Sanders refuses to rise to the bait: “Much more dissatisfaction because of what it means for the country, and for the world.”

“The crucial states were the ones in which Bernard had done quite well, and the voters who seem to have shifted are the people that Bernard was appealing to.”

He doesn't entirely rebut the premise of the question, however. “It was clear to me and I think to many people that Bernard would be a much stronger candidate, as well as a much better president.”

“The crucial states were the ones in which Bernard had done quite well, and the voters who seem to have shifted are the people that Bernard was appealing to. Those who lost jobs to stupid trade deals.”

This naturally leads onto the question of whether he thinks Bernie would have won, had he been the Democratic candidate. “I think Bernard would have won. He would have got the Democratic votes, and he would have had a higher proportion of young people, a higher proportion of white working class people, and a higher proportion of people who identity as independents.”

In much post-election analysis, there has been a focus on a particular group of voters in states like Michigan and Pennsylvania. Largely white, and previously Democrat supporters, they are seen to have suffered the most from economic decline and played a significant role in Trump’s victory. They are said to be, in a word, disenfranchised. 

Does Sanders accept this analysis, and if so, does he believe the problem to be more economic or cultural in nature? “The first thing I want to say is that huge emphasis has been put on that [white working class vote], to some extent correctly, but the vast bulk of Trump vote was ordinary Republican voters, i.e. higher-than-average income.”

“I think it’s not necessarily possible to pull people apart in that way. If you feel that you’re doing pretty well then your grievances, your prejudices, are less significant to you. If you feel that everybody is turned on you, the government is turned on you, you’re having a really difficult time, you may well have lost your house, and all that sort of thing, then I think that a certain portion, not everybody, then find their anger is aroused against minorities.”

Following on from this analysis has often been the claim that the Democrats are losing touch with their more traditional voter base. It’s something that has also been said of the Labour Party in this country, and Sanders thinks the comparison between the parties is a valid one. 

“I think they’re very similar. The basic underlying factor, and this is not a debating point, this is right there in the statistics, is that in the last 40 years, a large chunk of people of average income have not had their incomes go up. In many cases it’s gone down.”

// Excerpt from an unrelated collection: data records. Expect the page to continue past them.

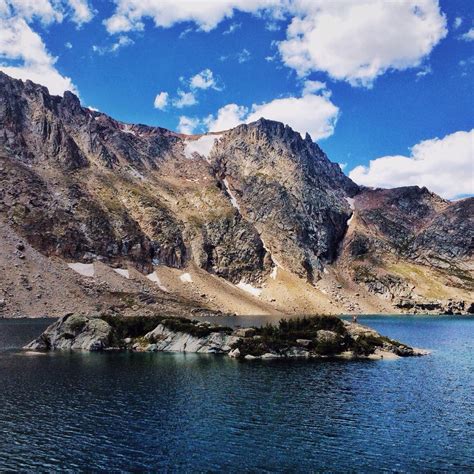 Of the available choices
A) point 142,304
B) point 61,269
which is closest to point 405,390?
point 142,304

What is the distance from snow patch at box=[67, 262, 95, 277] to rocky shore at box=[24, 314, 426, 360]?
90.6 meters

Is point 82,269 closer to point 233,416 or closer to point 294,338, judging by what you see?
point 294,338

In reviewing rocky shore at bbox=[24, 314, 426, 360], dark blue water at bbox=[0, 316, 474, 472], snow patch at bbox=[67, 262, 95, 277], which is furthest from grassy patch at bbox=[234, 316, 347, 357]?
snow patch at bbox=[67, 262, 95, 277]

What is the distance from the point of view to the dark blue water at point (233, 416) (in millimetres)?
35125

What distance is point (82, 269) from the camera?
19575 cm

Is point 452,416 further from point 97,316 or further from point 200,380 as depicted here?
point 97,316

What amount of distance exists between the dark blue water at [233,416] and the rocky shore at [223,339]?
474 inches

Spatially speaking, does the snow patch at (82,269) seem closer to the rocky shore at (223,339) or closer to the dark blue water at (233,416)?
the rocky shore at (223,339)

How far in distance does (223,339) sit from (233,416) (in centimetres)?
4804

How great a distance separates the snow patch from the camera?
19300 centimetres

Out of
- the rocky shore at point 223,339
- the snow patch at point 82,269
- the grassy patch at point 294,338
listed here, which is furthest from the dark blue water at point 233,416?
the snow patch at point 82,269

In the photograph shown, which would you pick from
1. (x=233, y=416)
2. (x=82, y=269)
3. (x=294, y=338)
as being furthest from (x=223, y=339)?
(x=82, y=269)

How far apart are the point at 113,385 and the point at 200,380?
11373 mm

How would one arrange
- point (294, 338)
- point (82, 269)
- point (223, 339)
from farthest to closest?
point (82, 269) → point (294, 338) → point (223, 339) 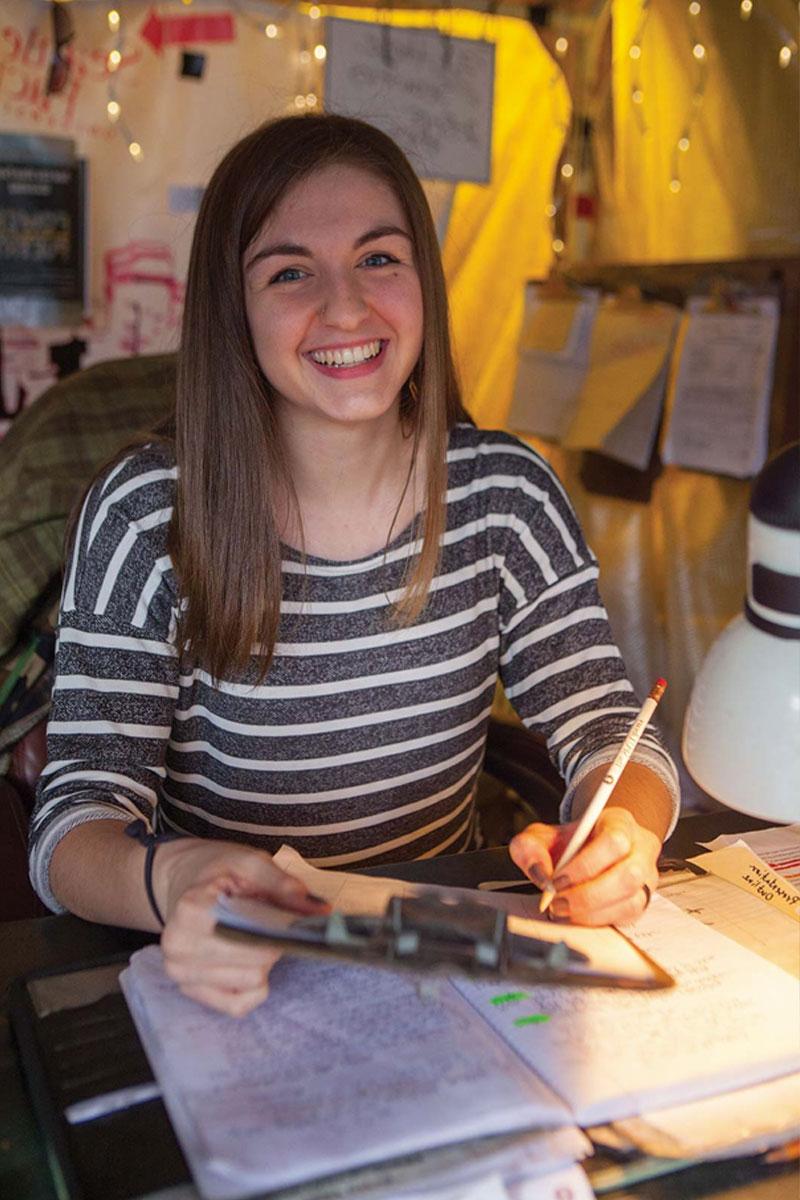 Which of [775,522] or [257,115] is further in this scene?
[257,115]

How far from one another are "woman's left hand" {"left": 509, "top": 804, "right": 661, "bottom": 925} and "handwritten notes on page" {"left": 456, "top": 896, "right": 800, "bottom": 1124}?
42mm

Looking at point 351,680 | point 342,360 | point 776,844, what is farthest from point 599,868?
point 342,360

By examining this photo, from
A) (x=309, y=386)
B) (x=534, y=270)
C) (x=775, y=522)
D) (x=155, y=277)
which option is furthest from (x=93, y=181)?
(x=775, y=522)

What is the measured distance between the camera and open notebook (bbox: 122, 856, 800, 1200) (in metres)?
0.61

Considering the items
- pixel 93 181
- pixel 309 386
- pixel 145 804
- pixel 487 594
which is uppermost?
pixel 93 181

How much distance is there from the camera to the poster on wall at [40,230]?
200 centimetres

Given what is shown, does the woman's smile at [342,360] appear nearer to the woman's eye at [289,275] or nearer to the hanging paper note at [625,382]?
the woman's eye at [289,275]

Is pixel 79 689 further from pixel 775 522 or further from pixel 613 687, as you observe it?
pixel 775 522

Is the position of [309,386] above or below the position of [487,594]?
above

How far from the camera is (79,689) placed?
3.57 feet

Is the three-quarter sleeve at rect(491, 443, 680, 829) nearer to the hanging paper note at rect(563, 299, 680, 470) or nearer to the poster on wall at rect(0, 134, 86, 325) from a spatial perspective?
the hanging paper note at rect(563, 299, 680, 470)

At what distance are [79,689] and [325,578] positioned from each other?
0.28 m

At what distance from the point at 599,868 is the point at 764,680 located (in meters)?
0.22

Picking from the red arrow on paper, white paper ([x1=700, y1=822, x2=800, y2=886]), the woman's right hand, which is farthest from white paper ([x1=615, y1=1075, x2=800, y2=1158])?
the red arrow on paper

Linked to this has been the criticism that the Left has focused too much on identity politics at the expense of the economic issues that matter more to the traditional vote. Bernie Sanders himself recently said that “It’s not good enough for someone to say, ‘I’m a woman! Vote for me!’” I ask Larry whether he thinks this is a fair charge.

“I know exactly who ‘this left’ is. The Green Party is not [too obsessed]. We have very specific economic, social, and environmental policies, and we certainly are in favour of equality for women, and racial equality, and so on, but I don’t think we’ve ever downplayed the rest of it.”

As a candidate and spokesman, Sanders is understandably keen to talk about the Green Party. Given the challenges to more centre-left parties at the moment, I ask if the Greens are the people able to provide the solution. 

“All you need to do is go back to the places in America, or the north of England, that had their factories closed down ten, twenty, thirty, forty years ago and see what’s happened to the communities there.”

Sanders stresses how the Greens are sensitive to economic woes. “We’ve been aware of what trade policies do. This theory that free trade is a good thing: first of all it’s very rarely free because everyone who’s got power weighs in and does what’s good for them. The theory goes back two or three hundred years, and it’s a lovely theory, but it’s not true. All you need to do is go back to the places in America, or the north of England, that had their factories closed down 10, 20, 30, 40 years ago and see what’s happened to the communities there.”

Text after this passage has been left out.